Tipp 2: „Kill your darlings“. Lassen Sie weg, was nicht Ihrem Ziel dient.

Ich bin selbst nicht erst einmal der Versuchung erlegen, Dinge in meine Rede oder Moderation einzubauen, die ich einfach klasse fand, obwohl sie nicht exakt zum Ziel gepasst haben. Ein Wortspiel, dass das Publikum zwar amüsierte, aber auch von meinem ernsten Anliegen ablenkte. Eine Provokation zum Thema Fleischkonsum, die mich zwar als selbstbewusst, aber wenig einfühlsam erschienen ließ, wo Letzteres eigentlich überzeugender gewesen wäre.

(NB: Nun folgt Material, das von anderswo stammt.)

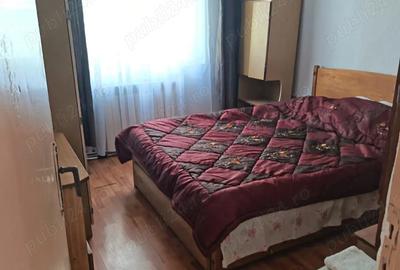 Vand apartament semidecomandat Barlad - 3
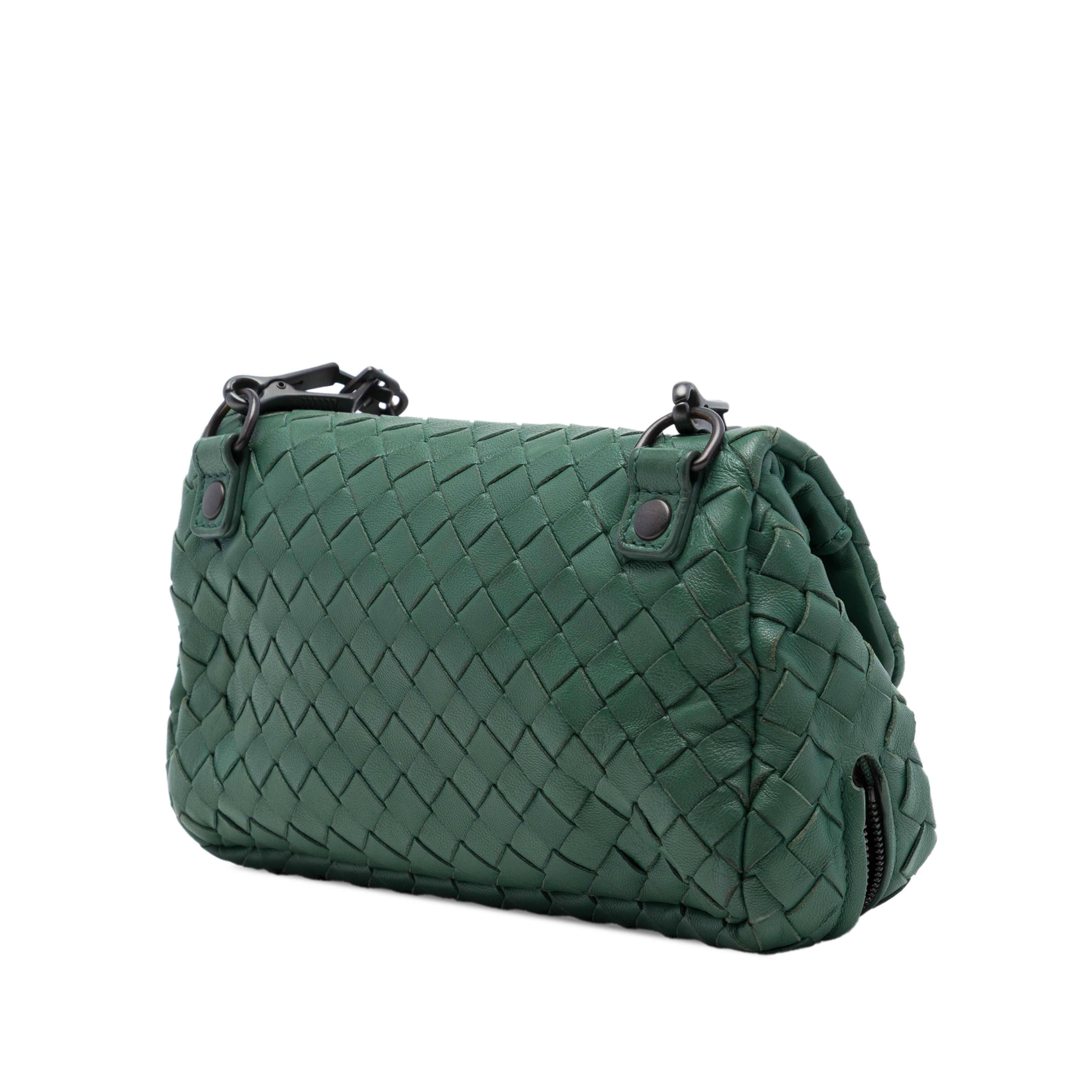 Bottega Veneta Mini Nappa Intrecciato Expandable Chain Flap Crossbody, från Luxclusif, i färgen grön. Klicka för att öppna bilden i stort format
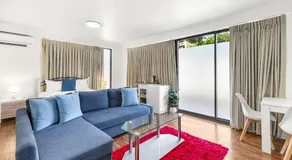 Caloundra Affordable Beachside Studio - Image 2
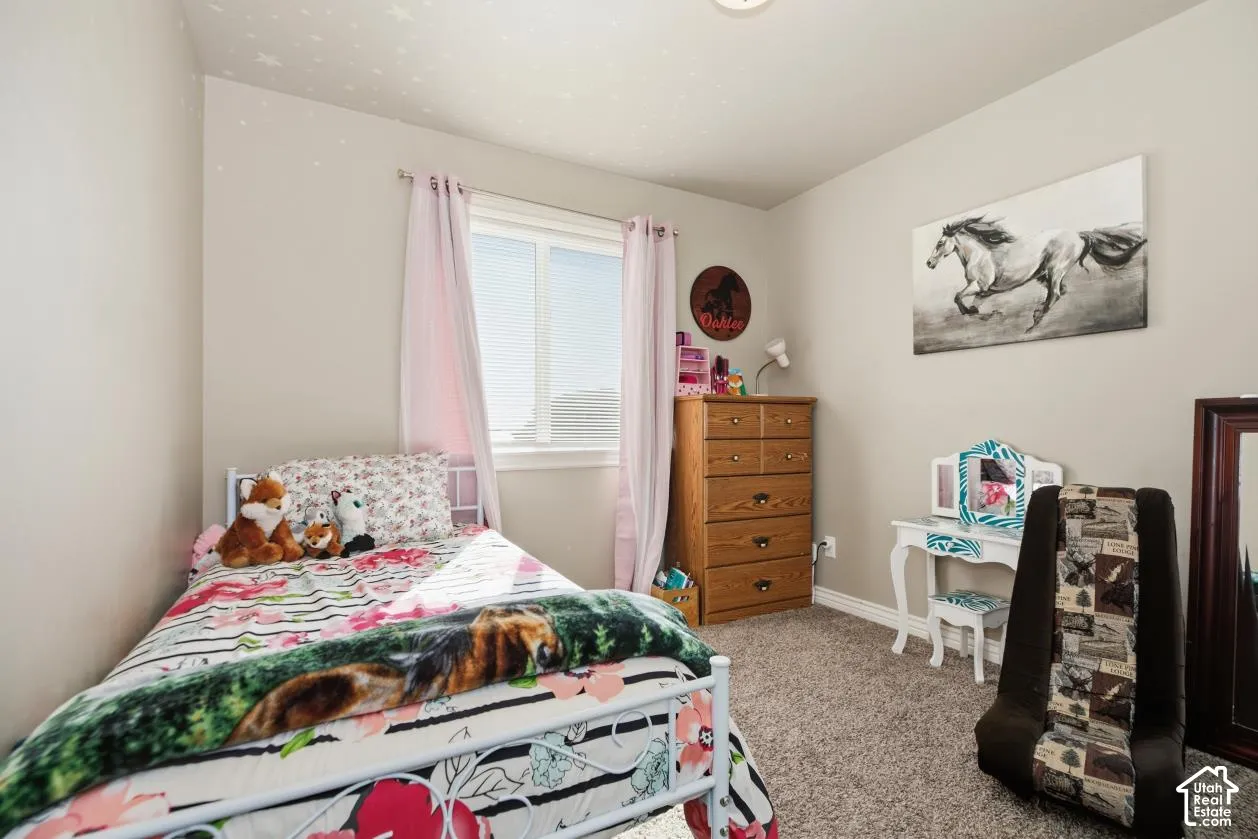 Neutral wall paint, window with blinds, and light-colored carpeting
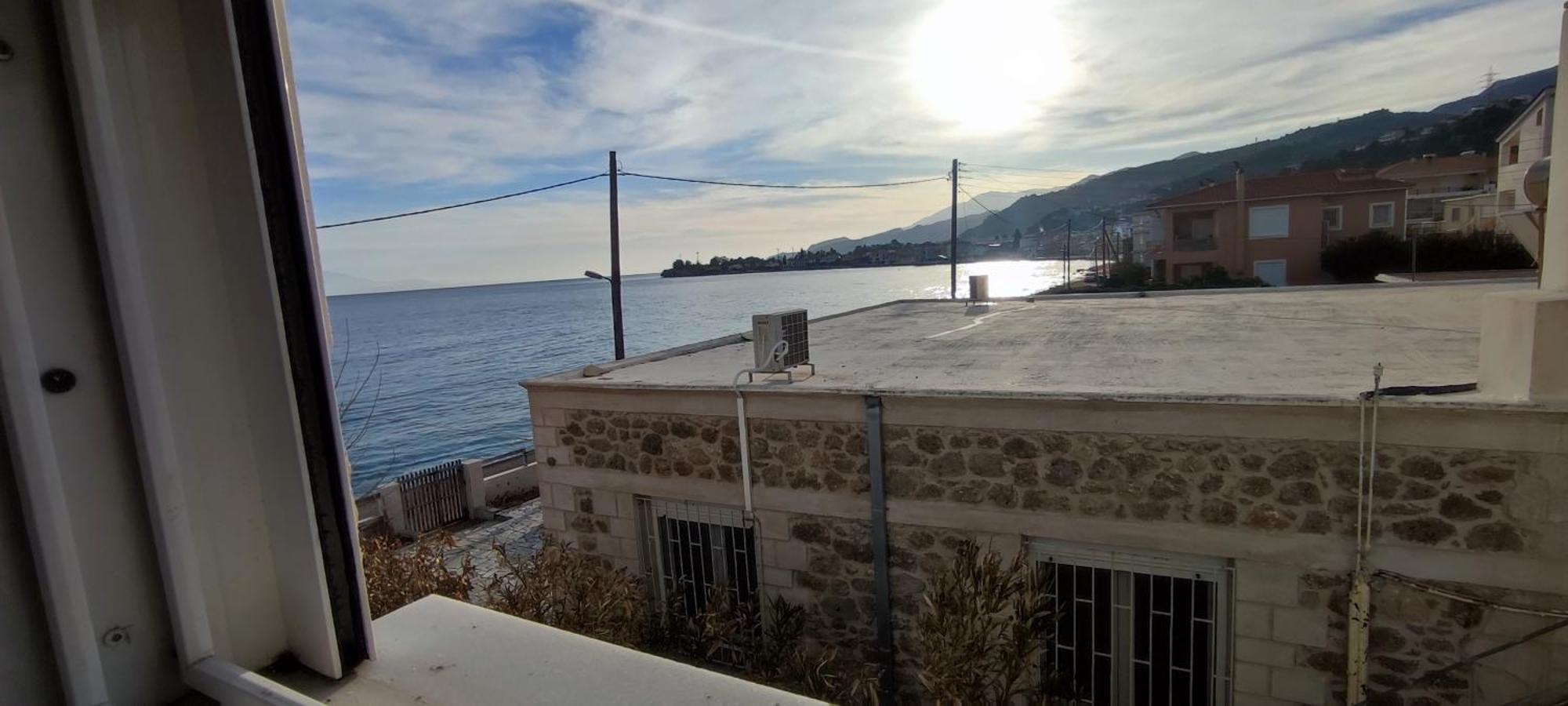 Balcony To Waves Apartment Aigeira Bagian luar foto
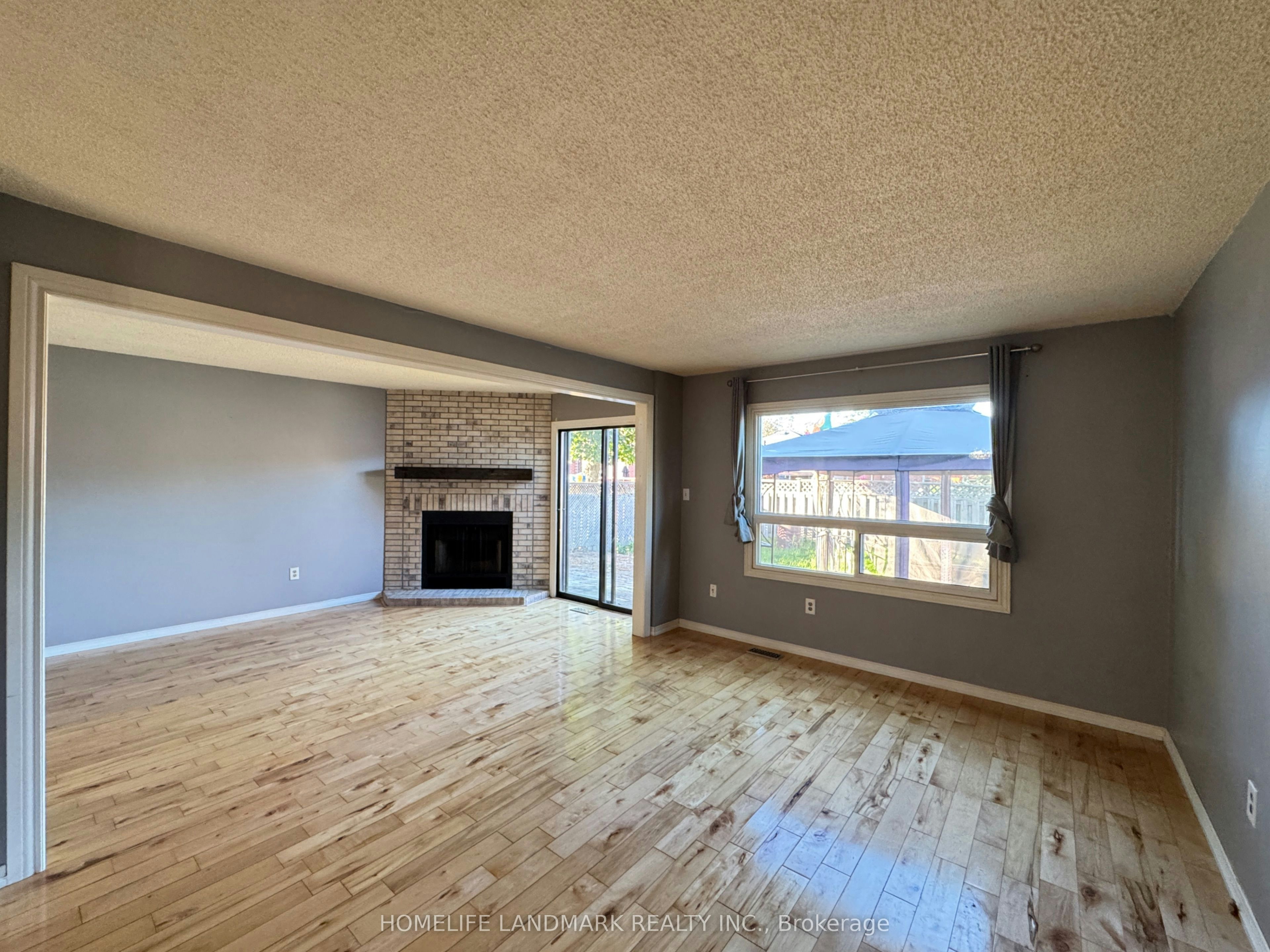 23 Wallace Drive, Barrie, ON, L4N 7E2 5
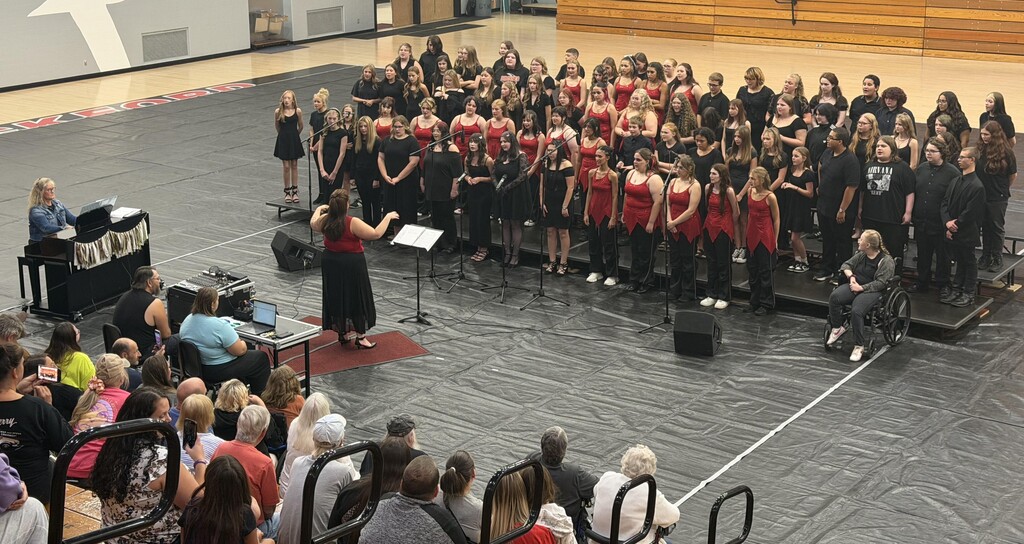 BJSHS Choir conducts their fall concert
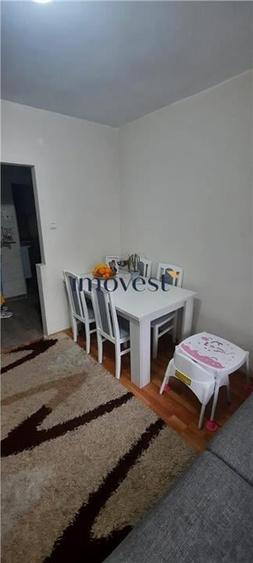 Apartament cu 3 camere decomandat în Carpați 1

Wer etwa bei einer persönlichen Vorstellung vor Publikum offen und ehrlich Dinge aus seinem Leben aufzählt, auf die er selbst zufrieden und glücklich zurückblickt, läuft Gefahr, dass er damit das Publikum verprellt, etwa wenn die Leute mit diesen Erlebnissen oder Erfolgen nicht mithalten können. Fragen Sie sich immer: Wie profitieren Sie mit Ihrem Anliegen davon, dass das Publikum jetzt diese Fakten zu hören bekommt?

Die Rednerin, die kühl analysierend auftritt, kann sich selbst im Weg stehen, wenn sie eigentlich die Herzen des Publikums erreichen will, der quietschfidele Witzbold auch, wenn es eigentlich darum geht, als trockener Experte seriöse Zahlen und Fakten abzuliefern.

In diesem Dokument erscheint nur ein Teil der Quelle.